I had a player I covered while with the Cubs who had a difficult season. I always walked up to him to say hello and would ask him questions so that I could learn about what he was going through. So, after he had a big game, I asked to interview him for the pregame show. He agreed to do it. One of his teammates who had a locker next to this player said, “oh yeah now you want to talk to him,” and shook his head, basically accusing me of being that front runner. The player quickly came to my defense and said, “it’s all good, he talks to me every day no matter what.” Man did I appreciate that. It gave me some good credibility in the clubhouse as well.
You have access to these players, use that time to learn about them and the game. Players and coaches can be valuable resources for your own knowledge and to make your broadcast sound better.
2. Do not betray trusts
You are going to find yourself in a unique position. Once you’ve built up the relationships and trust you have to be very careful not to betray the person who gave you the information. If you do, they’ll likely never trust you again.
In San Diego a front office member would come into the radio booth a day before the trade deadline and tell us all the moves the team was looking to make. He did this so we’d have time to research some of the players and learn about any minor leaguers that may be dealt. We so appreciated the heads up on things because then we sounded knowledgeable once the moves were made. In effect, we could script our ad libs for the next day.
If we would have blabbed about that information before we got the go-ahead, can you imagine what the repercussions would have been? Since my broadcast partner and I worked for the team, we would have had some trouble on our hands.
Now my partner had been with the organization for a long time, but I was relatively new. I made sure I developed the relationship with this front office person early in my tenure, during Spring Training as a matter of fact.
If there is trust, the information given to you early can make you look/sound like a genius on radio or TV.
On occasion you’ll have someone that no matter what you do, doesn’t trust you and won’t tell you anything. I had such an experience with a college basketball coach. I was hired to do some TV games and replaced someone that he liked and had known for many years.
Several times I tried to just have a conversation with him to get to know the person. He was uninterested. I finally gave up. There had to be another way to get information and there was. I had developed a good relationship with an assistant coach on his staff. That person knew of me from some previous work and at least gave me a chance.
You can’t take this personally. You have to remain focused on the job at hand and try to work around your obstacles.
3. Get out ahead of any issues
I had one such event happen while I was working in San Diego. While in the midst of the broadcast, I had a slip of the tongue and something I said, didn’t come out right. After thinking about it, I concluded that what I said could have been taken badly by the player or his family.
I felt horrible about it.
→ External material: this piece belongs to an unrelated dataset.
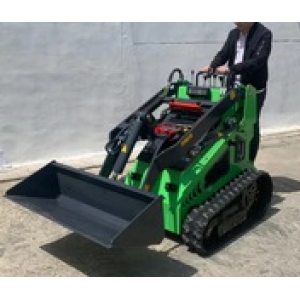 Skid steer loader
This was a player I’d already established a great relationship with. In this day and age of social media word travels fast. Whether the information conveyed to the player is actually what I said is another story.
With that in mind, as soon as the game ended, I headed to the clubhouse. I waited out the media that had been gathered around the player for postgame interviews, then I approached. Being straight up with him was my approach. Telling him what I said and what I meant to say was extremely important to me.
He listened and was smiling in appreciation of me being there to talk to him face-to-face. The player knew me and knew that I would never have intentionally gone down that road. He shared with me that his wife had already heard from a few family members via text and of course the information the family shared was not even close to what I inadvertently said.
Long story short, I’m very glad I went straight to him and avoided any future issues and put out whatever fire was burning.
4. Be professional
Bottom line here, be a professional. Use your common sense and trust in your ability to make the right decisions. Oh yeah, have fun too.